I thought Memorial Day Weekend would be a good time to revisit this post from early January. I didn’t intend to take this week off from blogging, but I have been sick. Still, I worked 36 hours of the work week. The same responsibilities that kept me from calling out sick, also made it a stressful week. I was in pure survival mode. I didn’t even engage in my usual musings, let alone put pen to paper. So, for Memorial Day, I’ll re-share my thoughts about heroism and ‘taking up your cross.’ Semper Paratus, friends.
Last summer, I was in Acts for my daily reading, and Acts 20:24 caught my attention. I wrote it on a note card, and it traveled around with me for a while. When I found free moments here and there, I would read through that verse and meditate on it. This passage records what the Apostle Paul said to the elders from Ephesus, when he knew he was seeing them for the last time:
And now, behold, I am going to Jerusalem, constrained by the Spirit, not knowing what will happen to me there, except that the Holy Spirit testifies to me in every city that imprisonment and afflictions await me. But I do not account my life of any value nor as precious to myself, if only I may finish my course and the ministry that I received from the Lord Jesus, to testify to the gospel of the grace of God.

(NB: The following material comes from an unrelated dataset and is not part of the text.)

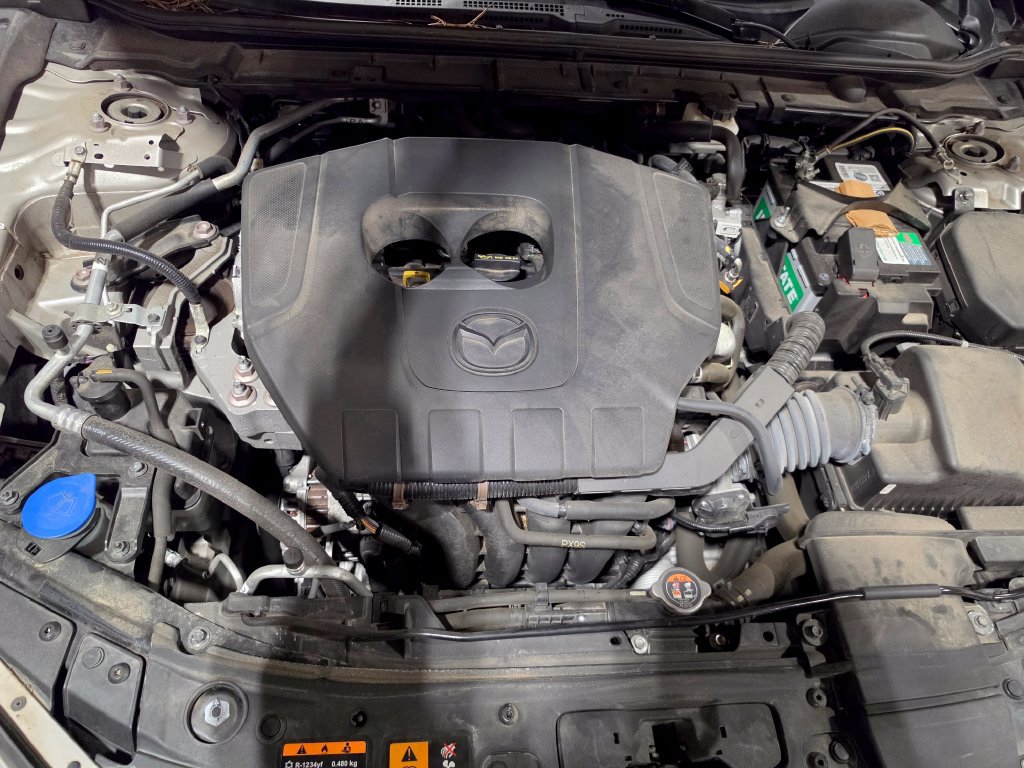 Used 2024 MAZDA MAZDA3 s FWD image 9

I spent a lot of time thinking about what it meant to “not account my life of any value.” How does one live as if she does not consider her life as precious to herself? I feel like God gave me a picture of it, this week. Netflix has a show called Medal of Honor, which profiles men who have been awarded that highest of honors. The first two episodes I watched were about recipients who survived the actions for which they received the medal. Yet a common theme was that they each believed they would die. Feeling certain that they would not survive the battle, they were determined to use their last efforts and final actions in service to their country and their fellow soldiers. It seems that when a warrior believes he will not survive, his life is no longer of any account in his decision making, and he is able to act more boldly and daringly.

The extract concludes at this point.